§ **Entries supplied**

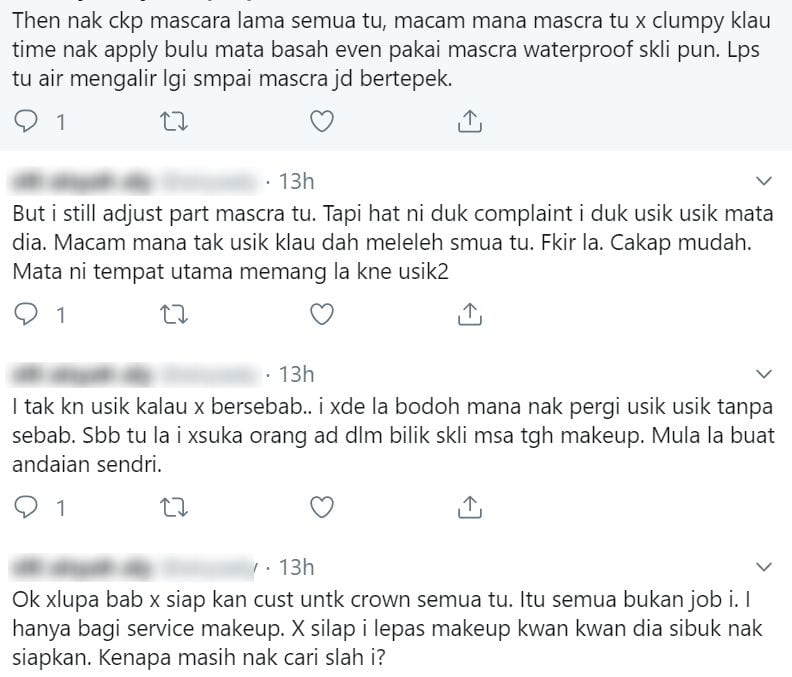 “Makeup Tak Siap Dah Balik”- MUA Dihentam Datang Lambat Rupanya Ada Plot Twist!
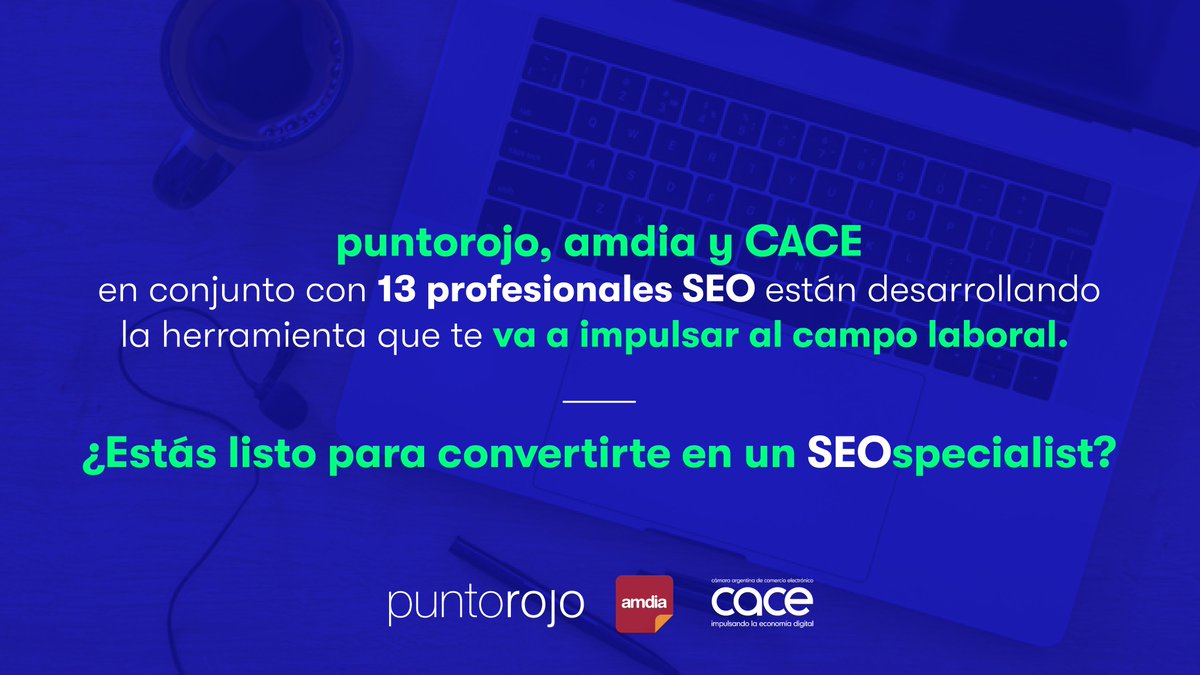 cacearg's tweet photo. Junto a @Puntorojo, @Amdia y 13 profesionales #SEO nos unimos para desarrollar la herramienta que te va a impulsar al campo laboral.

¿Es tu momento para ser un SEOspecialist?

¡Seguinos y enterate cómo!

#SEO #Capacitación #SeoSpecialist https://t.co/Dmlf0YVtfu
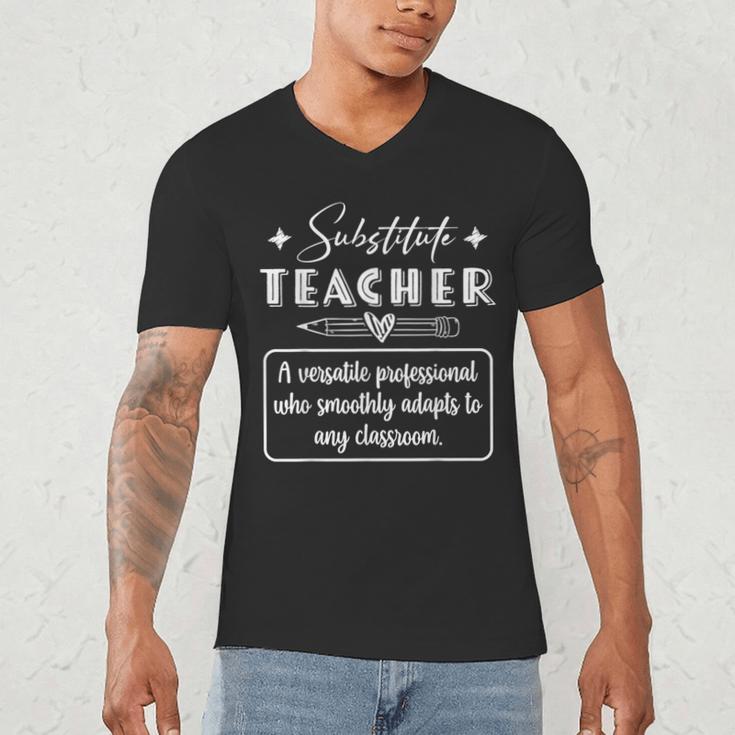 Substitute Teacher Definition Men's V-Neck T-Shirt, novelty gifts, funny gifts Substitute Teacher Definition Men's V-Neck T-Shirt, novelty gifts, funny gifts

§ **What to work on**
The range to transcribe runs from the line holding "cacearg's tweet photo." through the final line of the data above; copy it exactly and exclude the pictures.

§ **Output below**
 cacearg's tweet photo. Junto a @Puntorojo, @Amdia y 13 profesionales #SEO nos unimos para desarrollar la herramienta que te va a impulsar al campo laboral.

¿Es tu momento para ser un SEOspecialist?

¡Seguinos y enterate cómo!

#SEO #Capacitación #SeoSpecialist https://t.co/Dmlf0YVtfu
 Substitute Teacher Definition Men's V-Neck T-Shirt, novelty gifts, funny gifts Substitute Teacher Definition Men's V-Neck T-Shirt, novelty gifts, funny gifts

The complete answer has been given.